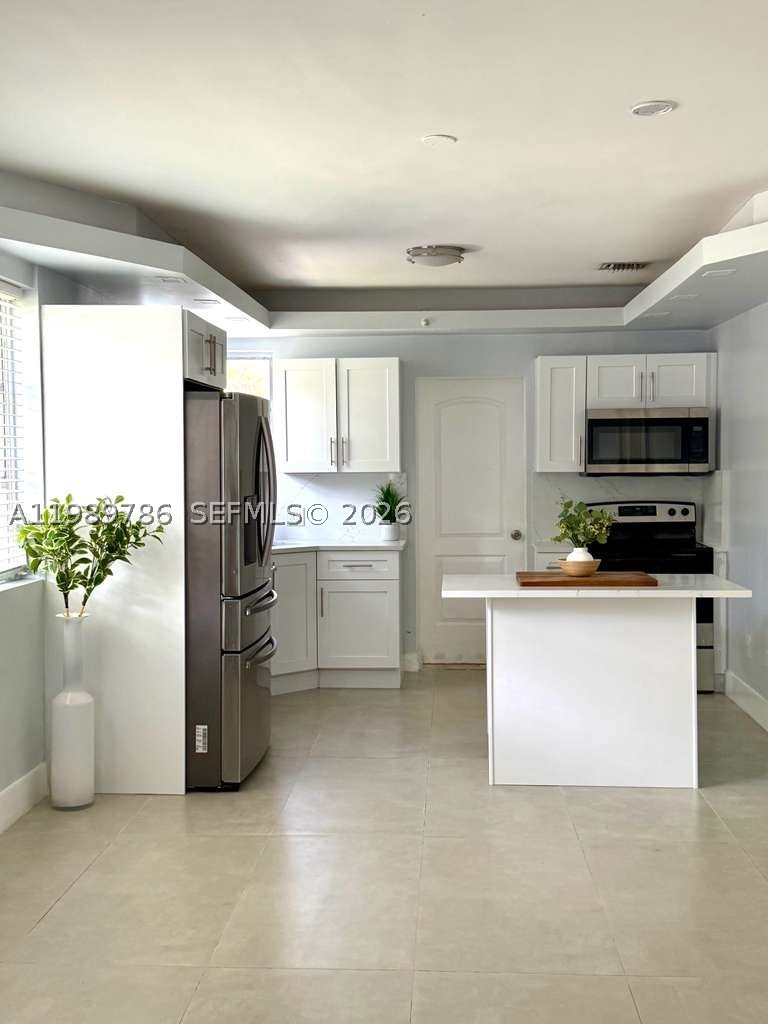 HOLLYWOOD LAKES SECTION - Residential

********************

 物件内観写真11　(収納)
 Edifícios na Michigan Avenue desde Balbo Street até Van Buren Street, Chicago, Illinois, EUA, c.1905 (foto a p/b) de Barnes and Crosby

********************

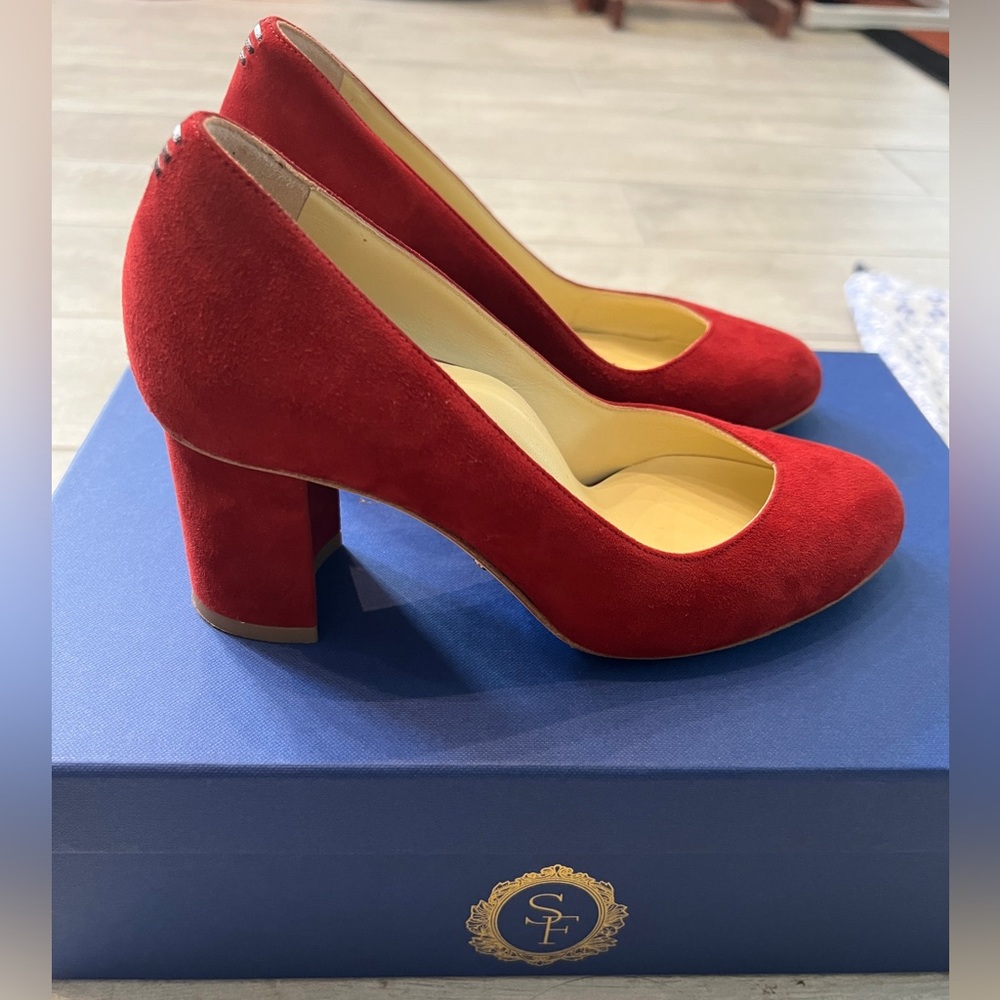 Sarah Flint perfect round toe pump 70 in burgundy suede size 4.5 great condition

********************

Try it:
Scan the lines above for "物件内観写真11　(収納)" and for "Edifícios na Michigan". Repeat exactly the line holding each of them and every line in between.

Exercise solution:
 物件内観写真11　(収納)
 Edifícios na Michigan Avenue desde Balbo Street até Van Buren Street, Chicago, Illinois, EUA, c.1905 (foto a p/b) de Barnes and Crosby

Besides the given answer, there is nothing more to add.